→ **Input material**
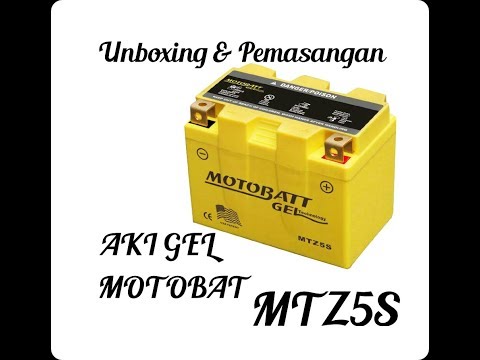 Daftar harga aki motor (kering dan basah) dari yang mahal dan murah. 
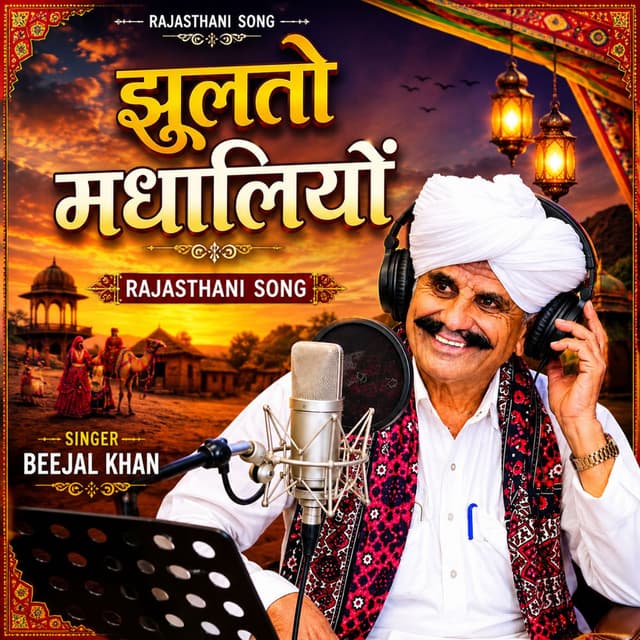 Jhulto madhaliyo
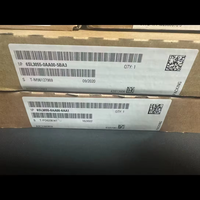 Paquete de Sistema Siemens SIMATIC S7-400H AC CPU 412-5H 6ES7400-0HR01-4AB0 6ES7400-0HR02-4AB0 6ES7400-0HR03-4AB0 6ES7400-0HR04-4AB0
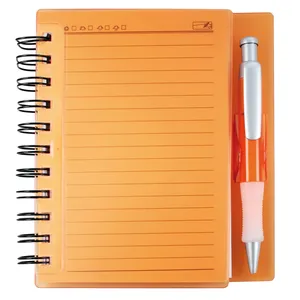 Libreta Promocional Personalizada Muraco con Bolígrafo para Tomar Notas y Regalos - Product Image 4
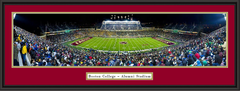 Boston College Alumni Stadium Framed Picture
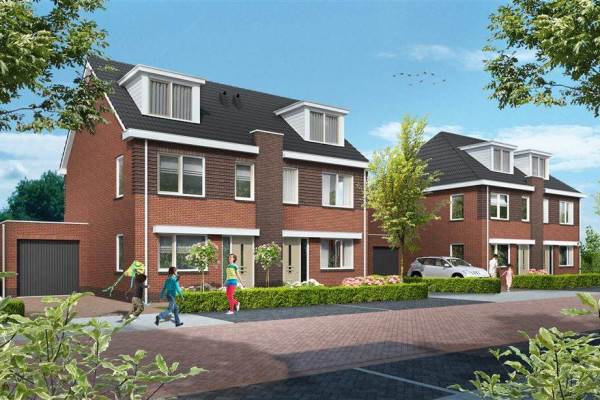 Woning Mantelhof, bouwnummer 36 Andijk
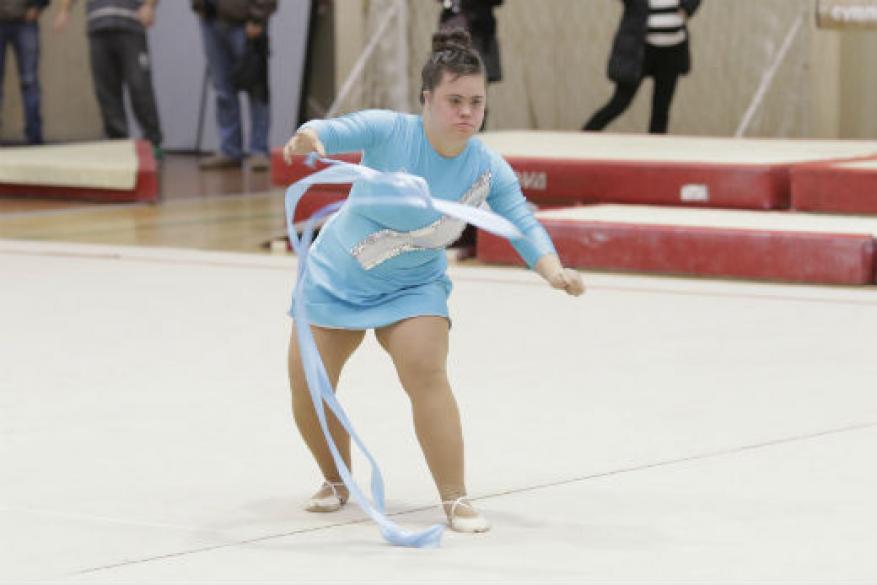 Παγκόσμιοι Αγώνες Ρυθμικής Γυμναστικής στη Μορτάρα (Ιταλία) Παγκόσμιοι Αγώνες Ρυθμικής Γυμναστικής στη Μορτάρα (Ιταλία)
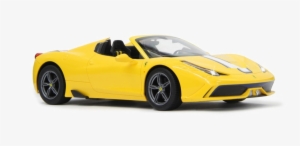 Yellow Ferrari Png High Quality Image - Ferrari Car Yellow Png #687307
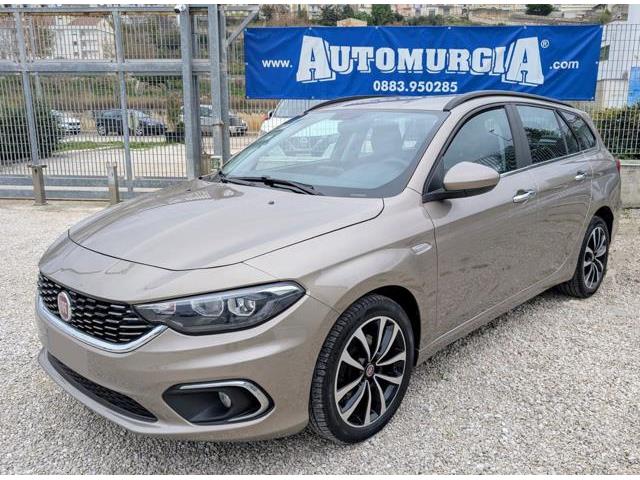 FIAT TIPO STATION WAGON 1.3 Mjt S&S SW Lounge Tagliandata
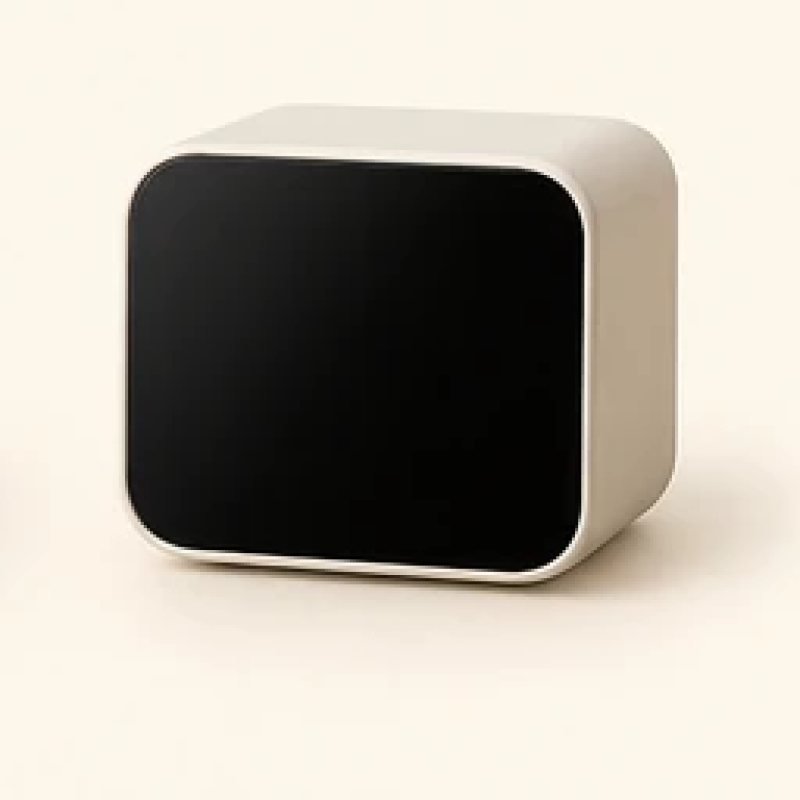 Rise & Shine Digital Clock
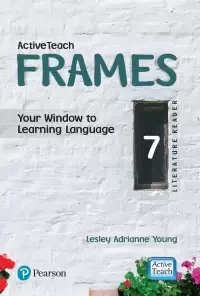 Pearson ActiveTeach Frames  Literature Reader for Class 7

→ **What to do**
Output only the lines from the one that contains "Μορτάρα (Ιταλία) Παγκόσμιοι" to the end of the entries above, both end lines included, and drop the pictures.

→ **Exercise solution**
 Παγκόσμιοι Αγώνες Ρυθμικής Γυμναστικής στη Μορτάρα (Ιταλία) Παγκόσμιοι Αγώνες Ρυθμικής Γυμναστικής στη Μορτάρα (Ιταλία)
 Yellow Ferrari Png High Quality Image - Ferrari Car Yellow Png #687307
 FIAT TIPO STATION WAGON 1.3 Mjt S&S SW Lounge Tagliandata
 Rise & Shine Digital Clock
 Pearson ActiveTeach Frames  Literature Reader for Class 7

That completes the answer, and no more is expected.